I loved Detroit. But the lack of economic stability made it emotionally difficult for me, so when I got engaged to Mark, we moved to his family’s farm in Theresa, Wisconsin (in Dodge County) to get married. Partly at his urging, I really began focusing on my art, developing a style that was one part farmhouse aesthetic, one part classic 50s, one part African diaspora. I began taking custom dress orders and initiated a dapperwear line of bow ties, neckties and headwraps. At the same time, I was working in the fields and eventually got certified as a master preserver and a master gardener. Mixing fiber arts, small batch artisan body products, sustainable cooking and educational components, my business, Paradise Home Goods, was finally ready to launch.

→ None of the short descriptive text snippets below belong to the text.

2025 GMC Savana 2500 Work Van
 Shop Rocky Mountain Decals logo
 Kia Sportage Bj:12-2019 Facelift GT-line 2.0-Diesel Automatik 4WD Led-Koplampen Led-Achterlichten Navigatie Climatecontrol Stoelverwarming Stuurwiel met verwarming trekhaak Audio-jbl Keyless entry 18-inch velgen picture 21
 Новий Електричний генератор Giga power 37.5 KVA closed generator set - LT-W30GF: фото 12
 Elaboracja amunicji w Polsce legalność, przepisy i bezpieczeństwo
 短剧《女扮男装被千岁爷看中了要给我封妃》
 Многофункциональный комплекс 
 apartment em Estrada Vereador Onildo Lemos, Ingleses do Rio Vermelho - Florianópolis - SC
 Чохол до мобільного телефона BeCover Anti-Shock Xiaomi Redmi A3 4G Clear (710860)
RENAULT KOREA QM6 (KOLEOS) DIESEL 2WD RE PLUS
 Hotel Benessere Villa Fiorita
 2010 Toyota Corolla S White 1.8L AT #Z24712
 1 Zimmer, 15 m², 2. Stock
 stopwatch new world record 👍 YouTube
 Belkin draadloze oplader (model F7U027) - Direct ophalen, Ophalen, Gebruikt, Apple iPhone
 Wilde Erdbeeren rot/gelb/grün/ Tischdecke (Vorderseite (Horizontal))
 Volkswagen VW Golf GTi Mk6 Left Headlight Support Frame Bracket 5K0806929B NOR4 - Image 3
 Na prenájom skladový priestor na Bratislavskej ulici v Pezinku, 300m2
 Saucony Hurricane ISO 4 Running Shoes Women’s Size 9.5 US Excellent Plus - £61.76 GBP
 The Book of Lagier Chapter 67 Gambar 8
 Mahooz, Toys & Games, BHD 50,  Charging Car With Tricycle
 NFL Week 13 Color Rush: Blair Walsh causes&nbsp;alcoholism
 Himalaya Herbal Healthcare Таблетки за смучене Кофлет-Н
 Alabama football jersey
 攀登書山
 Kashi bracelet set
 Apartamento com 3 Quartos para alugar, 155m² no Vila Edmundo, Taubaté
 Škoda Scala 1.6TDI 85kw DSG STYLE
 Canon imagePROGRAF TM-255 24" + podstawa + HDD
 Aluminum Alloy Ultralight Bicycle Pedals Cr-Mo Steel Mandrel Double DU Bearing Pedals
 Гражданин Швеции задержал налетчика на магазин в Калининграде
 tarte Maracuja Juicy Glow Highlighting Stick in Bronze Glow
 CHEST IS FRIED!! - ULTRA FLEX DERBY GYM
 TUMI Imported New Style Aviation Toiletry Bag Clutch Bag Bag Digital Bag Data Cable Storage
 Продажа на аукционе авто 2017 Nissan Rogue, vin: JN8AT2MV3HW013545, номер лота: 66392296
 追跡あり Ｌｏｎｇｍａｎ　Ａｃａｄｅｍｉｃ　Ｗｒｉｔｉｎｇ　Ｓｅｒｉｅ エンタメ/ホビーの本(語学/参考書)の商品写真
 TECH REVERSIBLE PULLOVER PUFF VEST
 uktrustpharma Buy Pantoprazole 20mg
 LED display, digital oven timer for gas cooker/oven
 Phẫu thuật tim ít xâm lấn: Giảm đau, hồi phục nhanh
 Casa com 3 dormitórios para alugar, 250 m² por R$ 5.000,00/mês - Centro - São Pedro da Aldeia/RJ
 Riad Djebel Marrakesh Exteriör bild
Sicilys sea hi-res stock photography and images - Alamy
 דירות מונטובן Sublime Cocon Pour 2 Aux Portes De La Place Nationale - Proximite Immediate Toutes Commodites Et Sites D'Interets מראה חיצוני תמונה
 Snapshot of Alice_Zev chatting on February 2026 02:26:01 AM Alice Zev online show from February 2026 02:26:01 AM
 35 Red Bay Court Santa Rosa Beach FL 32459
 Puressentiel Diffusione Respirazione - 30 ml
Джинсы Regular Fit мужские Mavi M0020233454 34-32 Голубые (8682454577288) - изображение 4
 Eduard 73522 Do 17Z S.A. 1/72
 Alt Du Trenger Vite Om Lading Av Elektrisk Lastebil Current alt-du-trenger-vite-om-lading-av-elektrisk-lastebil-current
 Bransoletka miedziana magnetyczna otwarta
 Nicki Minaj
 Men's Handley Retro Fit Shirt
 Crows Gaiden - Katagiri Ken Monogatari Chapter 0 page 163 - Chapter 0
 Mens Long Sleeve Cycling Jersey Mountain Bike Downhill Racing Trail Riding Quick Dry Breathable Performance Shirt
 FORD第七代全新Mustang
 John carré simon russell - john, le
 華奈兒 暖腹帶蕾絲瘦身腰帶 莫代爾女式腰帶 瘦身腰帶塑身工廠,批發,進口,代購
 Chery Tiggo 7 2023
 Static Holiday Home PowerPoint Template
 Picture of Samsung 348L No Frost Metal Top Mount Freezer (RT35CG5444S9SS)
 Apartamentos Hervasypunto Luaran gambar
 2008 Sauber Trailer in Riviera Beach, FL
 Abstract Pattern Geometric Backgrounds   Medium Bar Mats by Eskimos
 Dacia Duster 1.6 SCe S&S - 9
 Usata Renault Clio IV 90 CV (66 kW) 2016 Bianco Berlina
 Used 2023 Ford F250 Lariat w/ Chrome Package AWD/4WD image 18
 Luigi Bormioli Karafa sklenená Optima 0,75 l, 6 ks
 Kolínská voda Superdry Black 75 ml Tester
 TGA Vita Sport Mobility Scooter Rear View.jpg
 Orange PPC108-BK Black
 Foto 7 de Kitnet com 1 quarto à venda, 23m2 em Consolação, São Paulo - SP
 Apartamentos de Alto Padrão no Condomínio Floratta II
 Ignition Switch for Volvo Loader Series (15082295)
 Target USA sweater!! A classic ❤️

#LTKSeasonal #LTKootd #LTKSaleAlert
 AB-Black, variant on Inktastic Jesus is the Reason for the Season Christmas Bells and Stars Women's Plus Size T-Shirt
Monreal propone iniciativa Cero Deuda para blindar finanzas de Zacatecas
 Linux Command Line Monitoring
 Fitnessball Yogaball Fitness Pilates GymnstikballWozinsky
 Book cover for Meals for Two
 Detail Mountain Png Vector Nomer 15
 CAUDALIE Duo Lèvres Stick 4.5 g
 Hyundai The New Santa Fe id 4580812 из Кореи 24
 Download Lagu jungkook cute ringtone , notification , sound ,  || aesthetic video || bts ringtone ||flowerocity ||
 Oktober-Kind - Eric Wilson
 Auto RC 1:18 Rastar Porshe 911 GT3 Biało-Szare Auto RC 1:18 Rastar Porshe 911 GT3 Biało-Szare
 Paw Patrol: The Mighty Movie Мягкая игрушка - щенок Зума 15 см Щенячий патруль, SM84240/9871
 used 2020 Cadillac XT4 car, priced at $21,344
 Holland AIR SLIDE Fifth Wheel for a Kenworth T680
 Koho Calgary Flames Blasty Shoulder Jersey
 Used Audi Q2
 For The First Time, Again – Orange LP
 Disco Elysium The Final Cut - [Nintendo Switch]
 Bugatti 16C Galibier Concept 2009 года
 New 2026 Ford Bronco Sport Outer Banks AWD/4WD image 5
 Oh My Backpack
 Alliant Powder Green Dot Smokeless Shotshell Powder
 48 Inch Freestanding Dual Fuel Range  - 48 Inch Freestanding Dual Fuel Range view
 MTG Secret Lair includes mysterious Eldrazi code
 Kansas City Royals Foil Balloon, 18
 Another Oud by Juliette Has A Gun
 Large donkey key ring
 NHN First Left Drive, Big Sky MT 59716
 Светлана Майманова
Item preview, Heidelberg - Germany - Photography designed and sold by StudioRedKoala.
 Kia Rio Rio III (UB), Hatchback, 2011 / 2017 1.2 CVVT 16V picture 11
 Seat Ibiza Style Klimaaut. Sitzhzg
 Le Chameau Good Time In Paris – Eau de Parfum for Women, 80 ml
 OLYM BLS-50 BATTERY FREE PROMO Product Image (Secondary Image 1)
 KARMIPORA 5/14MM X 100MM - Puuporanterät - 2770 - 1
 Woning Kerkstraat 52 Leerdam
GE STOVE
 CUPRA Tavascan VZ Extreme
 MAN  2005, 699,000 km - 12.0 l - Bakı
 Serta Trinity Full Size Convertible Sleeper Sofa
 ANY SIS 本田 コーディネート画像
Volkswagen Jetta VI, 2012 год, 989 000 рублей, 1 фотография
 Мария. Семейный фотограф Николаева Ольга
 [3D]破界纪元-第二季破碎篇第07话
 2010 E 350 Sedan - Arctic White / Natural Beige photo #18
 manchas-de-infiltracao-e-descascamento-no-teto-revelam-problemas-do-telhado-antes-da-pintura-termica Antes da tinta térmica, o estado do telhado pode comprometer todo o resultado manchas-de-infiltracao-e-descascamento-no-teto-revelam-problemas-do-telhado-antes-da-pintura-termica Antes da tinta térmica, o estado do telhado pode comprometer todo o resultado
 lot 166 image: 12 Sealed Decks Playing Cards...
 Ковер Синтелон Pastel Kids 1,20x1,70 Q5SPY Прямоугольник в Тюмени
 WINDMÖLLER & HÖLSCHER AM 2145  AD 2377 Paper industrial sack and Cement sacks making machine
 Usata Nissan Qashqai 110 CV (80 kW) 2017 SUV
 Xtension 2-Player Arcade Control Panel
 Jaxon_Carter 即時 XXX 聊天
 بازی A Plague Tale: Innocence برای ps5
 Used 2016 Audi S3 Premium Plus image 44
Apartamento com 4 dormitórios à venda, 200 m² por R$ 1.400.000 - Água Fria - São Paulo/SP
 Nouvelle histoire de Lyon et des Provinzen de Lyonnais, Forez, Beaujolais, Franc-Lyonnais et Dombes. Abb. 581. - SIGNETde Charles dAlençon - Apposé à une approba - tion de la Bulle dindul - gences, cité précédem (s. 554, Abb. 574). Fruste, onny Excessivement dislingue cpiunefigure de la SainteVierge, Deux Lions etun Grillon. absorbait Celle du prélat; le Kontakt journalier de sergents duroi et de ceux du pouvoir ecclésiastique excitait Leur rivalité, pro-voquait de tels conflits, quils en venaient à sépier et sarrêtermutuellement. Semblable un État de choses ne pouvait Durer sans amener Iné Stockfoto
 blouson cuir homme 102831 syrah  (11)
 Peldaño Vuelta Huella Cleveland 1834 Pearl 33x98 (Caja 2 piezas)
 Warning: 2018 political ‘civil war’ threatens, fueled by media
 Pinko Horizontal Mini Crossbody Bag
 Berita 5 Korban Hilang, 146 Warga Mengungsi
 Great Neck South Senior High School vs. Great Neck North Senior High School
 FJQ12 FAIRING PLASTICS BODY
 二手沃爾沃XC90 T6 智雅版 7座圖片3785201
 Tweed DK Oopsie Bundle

Last year, Paradise Home held its first retreat, called (Un)Intentional Community. It was designed to be a day of healing specially for women, people of color and LGBTQ individuals, all of whom were pampered and nurtured by local women entrepreneurs who taught them massage and yoga, healthy cooking and self-care. Things moved quickly for me after that. Soon after the retreat, I participated in the Pop Up MKE program through the Local Initiatives Support Corp and the Wisconsin Women’s Business Initiative, and received entrepreneurship training through the RISE program run by the African American Chamber of Commerce in Wisconsin. Most recently, I went through the Milwaukee Artist Resource Network mentorship program. My art has grown to include sewn textile portraits like “The People’s Church” series, including the pictures of Aretha and Louis and Ella. I love how each one of them has imperfections but still retains its dignity. I mean, look at Louis’ mouth!
To tell you the truth, I’m still a little overwhelmed. I’ve never had a studio like this, in such a grand space. With open doors to the public. And I’ve never had, you know, people? By that, I mean, after all my moving back and forth between here and Detroit and Chicago, and after all my work serving others, it’s still a little surreal that people at the Hotel have already done so much for me and are showing me the ropes, hanging my chandelier, restoring the wood on my furniture pieces. Just like that.
It’s only been three days so far, and I’m not rushing to fill the walls of my studio with art yet. I’m trying to be intentional and to build it out slowly and carefully. I just feel honored to have people see my work – and the people in them. And for people to hear their stories. It’s good for any of us to be seen and heard, yes?
Rosy Petri’s studio is located off the main lobby of The Pfister Hotel. Her artwork is currently on display in two other locations, at After Gallery (514 E. Center Street) and 5 Points Art Gallery & Studios (3514 N. Port Washington Avenue).